*Try it*:
At the line with "this 1400×842 image.", start repeating the data, and continue line by line through the final line, exactly.

# # # # # # #

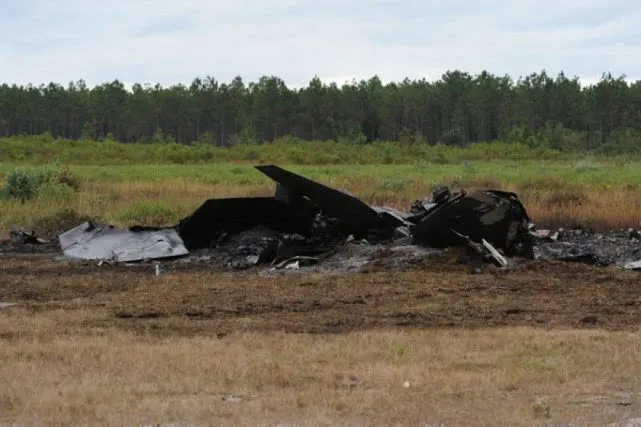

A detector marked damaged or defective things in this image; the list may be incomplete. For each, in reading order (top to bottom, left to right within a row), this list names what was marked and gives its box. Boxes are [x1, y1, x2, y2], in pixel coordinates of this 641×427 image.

burned aircraft wreckage [48, 165, 536, 270]
burned composite material [56, 165, 536, 268]
charred metal debris [5, 164, 640, 270]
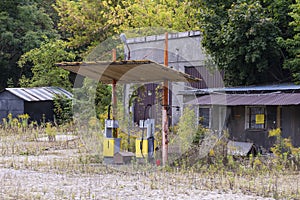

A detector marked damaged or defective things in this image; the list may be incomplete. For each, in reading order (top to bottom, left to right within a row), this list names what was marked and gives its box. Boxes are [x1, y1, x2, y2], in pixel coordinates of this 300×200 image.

rusty metal roof [57, 60, 200, 83]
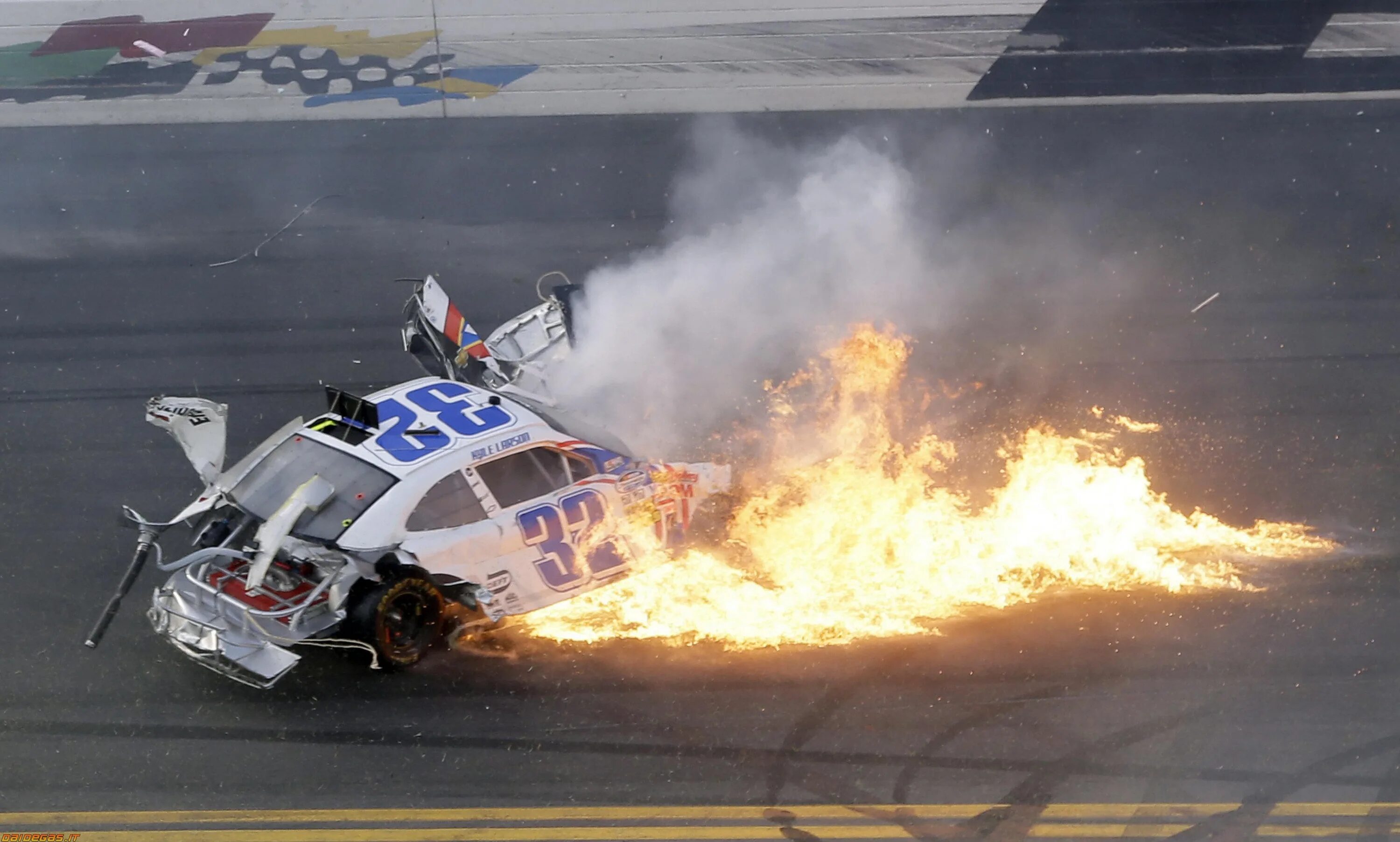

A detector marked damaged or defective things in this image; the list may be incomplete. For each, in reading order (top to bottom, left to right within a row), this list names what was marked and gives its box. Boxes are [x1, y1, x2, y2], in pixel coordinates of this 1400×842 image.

crashed race car [84, 278, 734, 685]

# # # # # # #

*Solution to this problem*:
A detector marked damaged or defective things in this image; the list may be incomplete. For each, in reading order (top to bottom, left to right within a row), this list names what was marked and gives its box. Boxes are [x1, y1, x2, y2], in pixel coordinates of this 1400×842 image.

crashed race car [84, 278, 734, 685]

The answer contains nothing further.